== Segment start ==

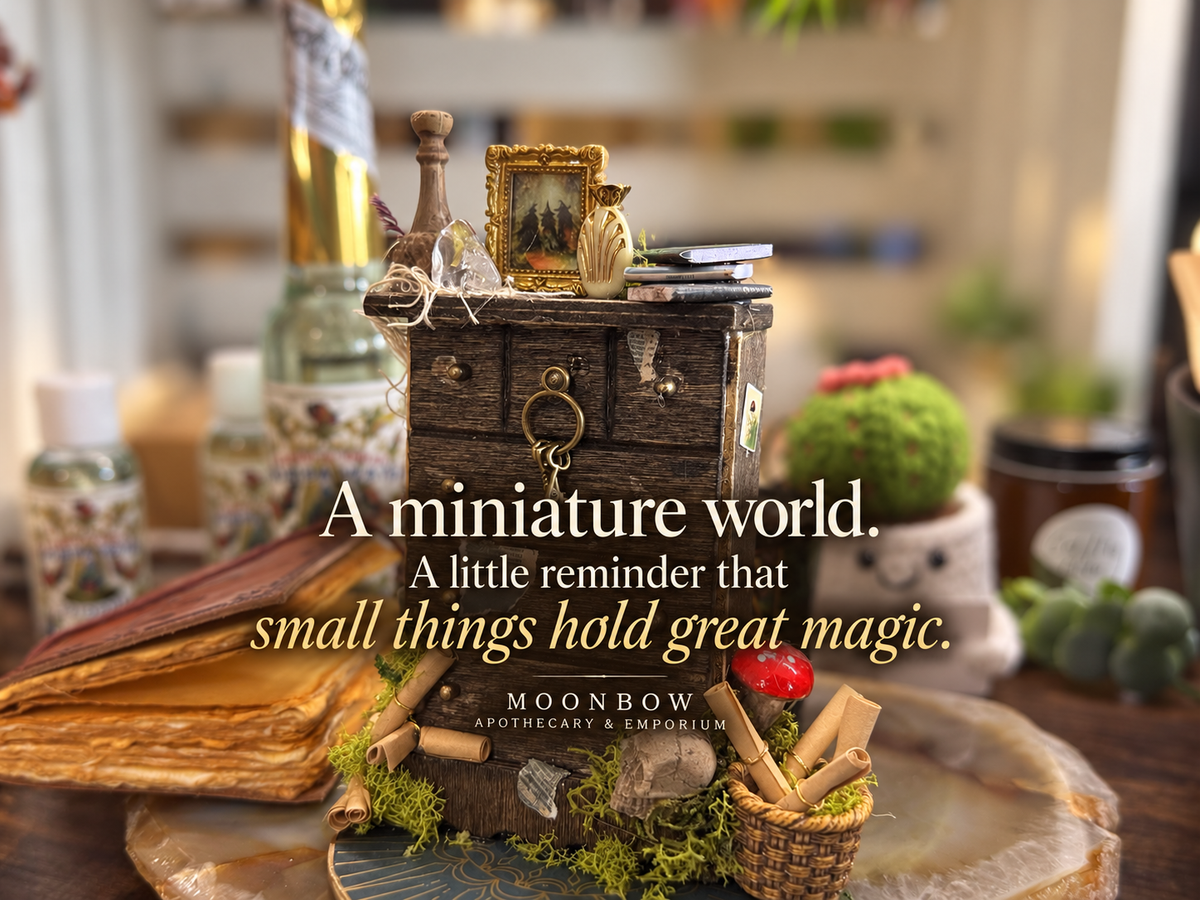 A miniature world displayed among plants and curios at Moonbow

== Segment end ==
== Segment start ==

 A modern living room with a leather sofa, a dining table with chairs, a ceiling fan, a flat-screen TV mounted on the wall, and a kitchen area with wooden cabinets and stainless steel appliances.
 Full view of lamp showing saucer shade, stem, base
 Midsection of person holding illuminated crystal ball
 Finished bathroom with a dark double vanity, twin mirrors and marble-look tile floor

== Segment end ==
== Segment start ==

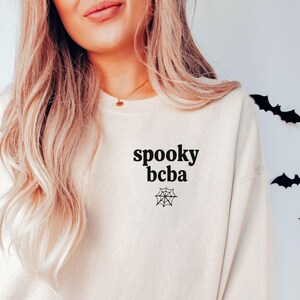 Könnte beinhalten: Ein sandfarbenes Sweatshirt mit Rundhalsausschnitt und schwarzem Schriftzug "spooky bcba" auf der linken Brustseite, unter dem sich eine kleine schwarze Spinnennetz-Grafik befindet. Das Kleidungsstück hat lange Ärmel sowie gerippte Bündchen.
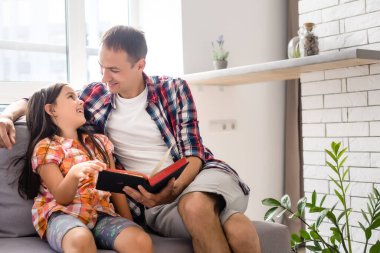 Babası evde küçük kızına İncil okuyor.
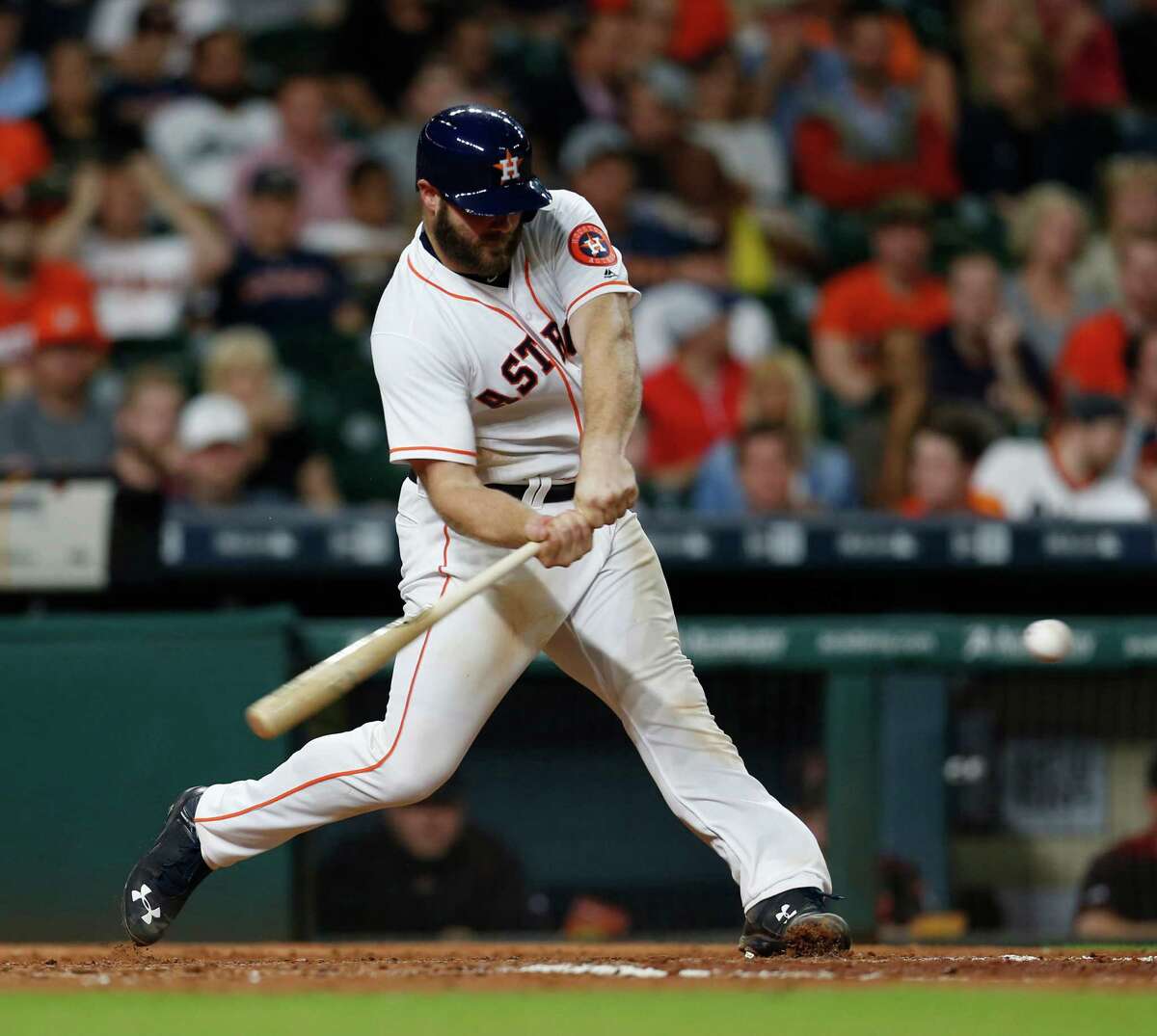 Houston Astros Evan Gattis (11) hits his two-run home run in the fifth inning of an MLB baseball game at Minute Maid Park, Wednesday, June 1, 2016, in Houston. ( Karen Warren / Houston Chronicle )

== Segment end ==

◆ Your instructions ◆
What lines in the entries above hold "with"? Copy every one.

◆ Exercise response ◆
 A modern living room with a leather sofa, a dining table with chairs, a ceiling fan, a flat-screen TV mounted on the wall, and a kitchen area with wooden cabinets and stainless steel appliances.
 Finished bathroom with a dark double vanity, twin mirrors and marble-look tile floor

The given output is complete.